Así que seguí el viaje hacia el Norte, tratando de buscar desesperadamente un hueco, una excepción que me llevase a residir por mis propias manos en el Noroeste del Norte.
Recorrí todas las carreteras por las que había jadeado. Sonreí y aquella desazón que pronostica la lágrima se apoderó de mi nariz. Fui muy valiente, ahora lo podía decir a viva voz. Reconocía cada codo de la carretera y cada poste en el que posé mi bicicleta y me tumbé en el asfalto para calmar mis pulmones. Traté de explicar algo, pero preferí dejar los momentos de entendimiento para otro día. Aquella experiencia necesitaba tiempo para ser mejor explicada.
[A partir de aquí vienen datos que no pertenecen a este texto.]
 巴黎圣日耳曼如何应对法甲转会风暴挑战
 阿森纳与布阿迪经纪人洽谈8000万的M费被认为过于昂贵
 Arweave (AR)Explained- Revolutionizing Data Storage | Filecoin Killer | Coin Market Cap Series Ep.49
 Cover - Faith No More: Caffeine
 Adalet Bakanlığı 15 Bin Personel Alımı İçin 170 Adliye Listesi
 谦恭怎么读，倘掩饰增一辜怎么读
En ese viaje a los fiordos del Oeste me dí cuenta de mi error: había escogido mi lugar de trabajo en el sitio equivocado. De hecho, había estado trabajando de guía de montaña pero preferí dejar ese sueño para vivir y trabajar junto a los iris azulados con los que me despierto cada mañana. El único lugar para realizar ese proyecto conjunto era en una granja o en algún restaurante. Me ofrecieron la oportunidad de trabajar en una granja en el Sur de Islandia, con comida y habitación doble. La acepté. En aquél momento no me acordé del impacto de los fiordos del Oeste. Fue cuando respiré el aroma de aquellos fiordos cuando me dí cuenta de que yo no quería trabajar en el Sur.
Hay una clara diferencia entre el Norte y el Sur de Islandia: mientras en el Sur puebla lo turístico y lo confortable, en el Norte suele poblar la realidad ártica, la dureza y la soledad.
Ya era demasiado tarde para buscar un trabajo en una granja: todo estaba ocupado. Me pasé el viaje preguntando a la gente dónde encontrar alguna oferta de trabajo. En los fiordos del Oeste todo el mundo se conoce y no es difícil encontrar algo si se busca en el momento adecuado. Yo llegaba tarde.
Camino de vuelta de Selárdalur, un valle abandonado dónde sentí aquella lucha entre ola y peñasco, la rueda se desinfló. Hubimos de cambiarla y, ya en Bíldudalur, busqué un mecánico para repararla. Bíldudalur es un pequeño pero acogedor pueblo que ni siquiera muchos islandeses conocen, está justo en medio de los fiordos del Oeste. En medio de nada y en medio de todo. Traté de encontrar un mecánico y, cómo no, el hombre estaba de vacaciones en Reykjavík. Típico de estas tierras. Aquí la gente ha aprendido a aprender para sobrevivir, así que todo el mundo sabe hacer un poco de todo. Me metí en una fábrica de pescado y busqué ayuda allí. Encontré a los dos jefes de la fábrica jugando al billar, les expliqué el problema y me dijeron que les trajera la rueda allí. La repararon y, mientras lo hacían, les pregunté por trabajo, en efecto había trabajo: montar balas de hilos con anzuelos a 2500isk por bala, se debían alcanzar mínimo de tres balas por día, pero me dijeron que lo normal era hacer siete balas en siete horas. Un trabajo duro y repetitivo, pero en los fiordos del Oeste, en el paraíso.
Mi trabajo en el Sur comenzaba en 3 días y sentía la plena necesidad de buscar un trabajo lo más lejos del Sur posible. Tenía la posibilidad de trabajar en aquella fábrica de pescado, pero cuando miraba a aquéllos iris azules, me daba cuenta de que había ciertas divergencias acerca de nuestras preferencias de trabajo. Estaba claro que el Noroeste era mucho mejor, para mí incluso las condiciones de aquél trabajo eran buenas, pero no para la otra mitad del proyecto.
Así que seguí el viaje hacia el Norte, tratando de buscar desesperadamente un hueco, una excepción que me llevase a residir por mis propias manos en el Noroeste del Norte.